Lord McKenzie of Luton: My Lords, I thank the noble Baroness, Lady Thomas, for moving the amendment. We have had some powerful contributions to this short debate. It is always the case that when the noble Baroness, Lady Thomas, combines with my noble friend Lady Hollis and the noble Baroness, Lady Meacher, they form a powerful coalition of knowledgeable people. I was interested in the contribution of the noble Lord, Lord Freud, particularly his reference to Waddell and Burton. That was a seminal piece of work from which much has flowed, particularly Carol Black’s report, the Government’s response and a range of initiatives that are under way as a result. We share common ground in respect of moving towards personalisation, so that the support that people get is determined not by the benefit that they are on, but by the support and help that they need to access the labour market.

In Grand Committee, we said that we wanted to mirror the requirements for lone parents with older children who are now moving from income support to jobseeker’s allowance, by exempting lone parents who have a child receiving the middle-rate or highest-rate care component of DLA from having to undertake work-related activity. However, we said that we would require those in receipt of the lower-rate care component of DLA to do so. We still consider that parents receiving the higher and middle rates of DLA will not be able to comply with the requirements of work-related activity, because the number of hours that they spend undertaking their caring responsibilities will not enable them to do so. However, it can be argued that those receiving the lower rate will be in a position to engage in such activity because their caring responsibilities will not be as demanding. The level of care could be as little as one hour a day, and such care may only be provided in a school environment—although I accept that that may not necessarily be the case.

I stress that we are introducing government amendments, which we will come to shortly and which will provide a number of safeguards and assurances to ensure that lone parents are not penalised when agreeing to undertake work-related activity. Foremost in these amendments is the requirement for a personal adviser to take into account the well-being of a parent’s child when they are agreeing the activities that they are going to undertake as part of their action plan.

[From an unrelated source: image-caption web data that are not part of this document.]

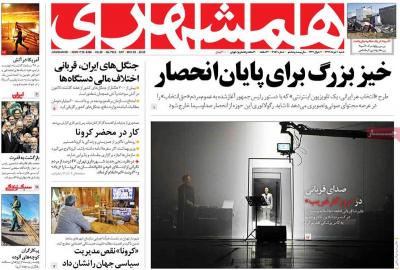 صفحه اول روزنامه های صبح امروز / شنبه 10 خرداد 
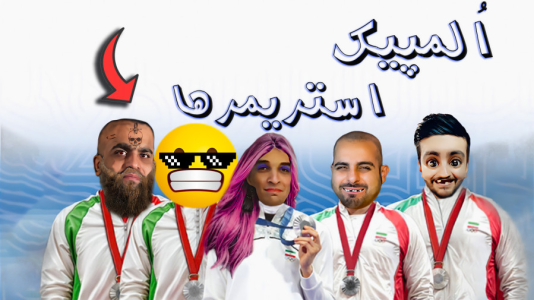  استریم بازی‌های خنده‌دار ۲ - هاشم گلی - فصل ۱ - اُلمپیک استریمرای ایرانی!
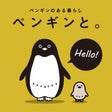 ペンギン雑貨店「ペンギンと。」
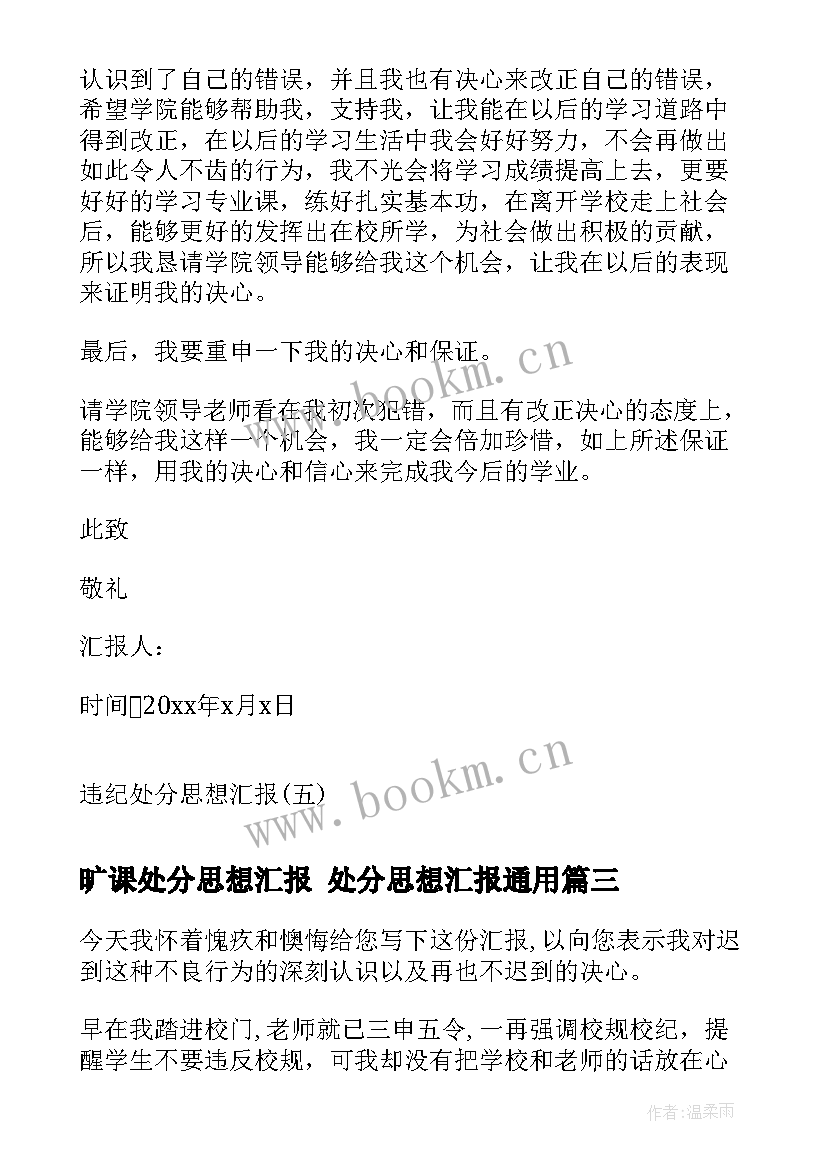 最新旷课处分思想汇报 处分思想汇报(优质5篇)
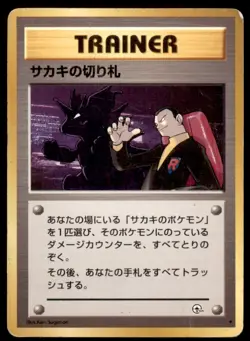 1999 Pokemon Gym 2 Giovanni's Last Resort Japanese Rare Dark Nidoking - Image 1
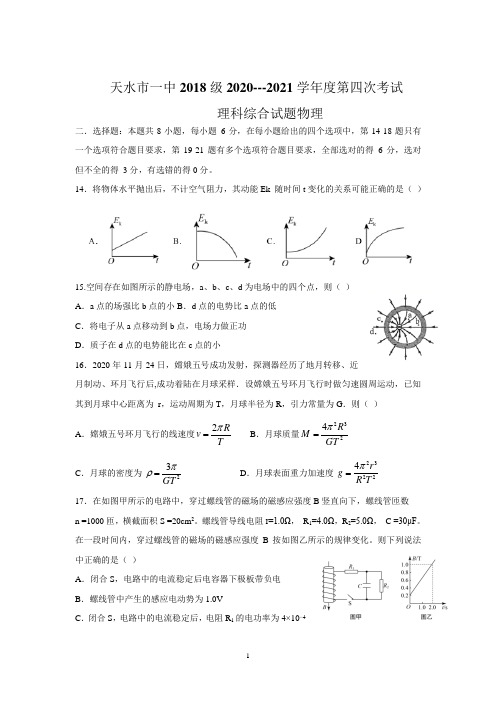 甘肃省天水市一中2021届高三上学期第四次考试理综物理试题 Word版含答案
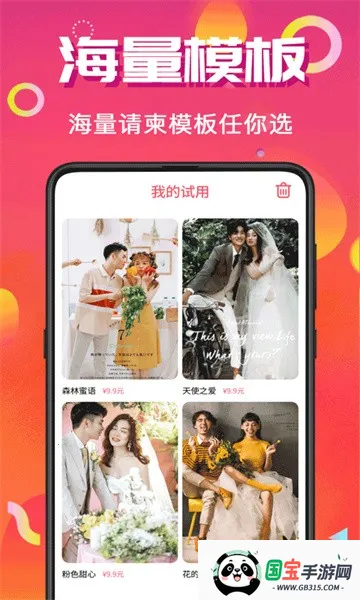 喜讯喜帖(请帖制作软件)v4.1.107 免费版截图4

This could be especially pertinent for lone parents who receive the lower rate of DLA. It will provide them with the protection required to ensure that they are not required to undertake activities that would risk harm to their child’s well-being.

I point out also that under the progression-to-work model, a lone parent may be required to undertake only one activity between their quarterly work-focused interviews. This allows personal advisers and lone parents the necessary flexibility to draw up action plans that can tailor activities to the individual needs of the lone parent and their caring responsibilities.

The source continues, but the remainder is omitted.